More to the point, the Nugget and California are similarly adept at building speed when you’re on the move, giving you a decent amount of confidence to get past that annoying tractor should the opportunity arise. Accelerating up to motorway speeds on a short slip road is a slightly more fraught experience in the Marco Polo.
But how do they behave if you’re running really late for your ferry? Well, with relatively stiff springs and precise steering, the California feels happiest in corners, not leaning over too much and having confidence-inspiring manners. The Marco Polo has a bit more grip, although slower steering and a higher degree of body lean mean it’s not as reassuring to drive as the California. But both are better than the Nugget, which has the least grip and loses composure the soonest.
Of far greater importance is how comfortable they are on a long journey. Here, the Marco Polo claws back some ground. With a more sophisticated rear suspension layout than its rivals and relatively soft springs, it has the most cosseting ride. True, it gets a little floaty along undulating country roads, but you’ll be more than happy to cruise on up to Scotland from the south of England in it.
The Nugget is softer still, but that doesn’t translate into a plusher ride. With loose body control, it bounces so dramatically over bumps that it can make even front seat passengers feel queasy. At the same time, it fidgets over smaller surface imperfections, while pothole impacts reverberate through the structure.
As for the California, that's the firmest of the three and proves the most prone to thumping over humps and holes around town. However, it also controls its body movements the best, feeling the least like a ship in a storm. Because it’s more settled than the others, passengers who get carsick easily are likely to prefer the California.
The engines in the Nugget and California sound rather gritty, leaving you in no doubt about their commercial vehicle origins. The California’s also suffers from plenty of whooshing from the turbocharger. Although it’s obvious that the Marco Polo, too, runs on diesel, its engine is easily the smoothest. Similarly, its gearbox is less hesitant than the sometimes slow-witted California’s and feels less old-school than the slurring Nugget’s.

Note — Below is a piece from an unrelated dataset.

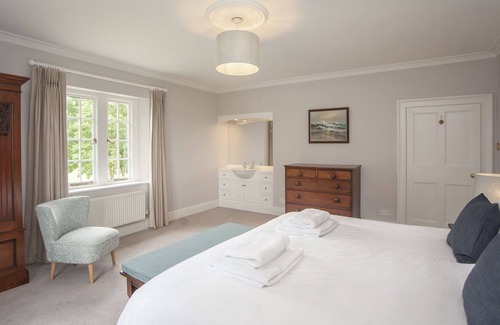 Bradford-on-Avon Other | Ford Farm House - sleeping 13 or up to 15 with 2 toddler floor beds
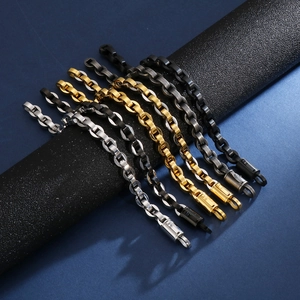 Vue détaillée de quatre finitions de bracelets à maillons ovales en acier inoxydable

By some margin, the Marco Polo generates the least wind noise at speed, while the level of road noise is perfectly tolerable. The Nugget generates a bit more wind noise, but the rowdiest is the California, with the most wind noise and a lot of suspension thump.
None of these campers feels scary when performing an emergency stop from 70mph, although the Nugget suffers from the most nose dive and requires the longest stretch of road in which to stop. The California is the least inclined to dive under braking and feels comparatively stable, but the Marco Polo is able to stop in a shorter distance.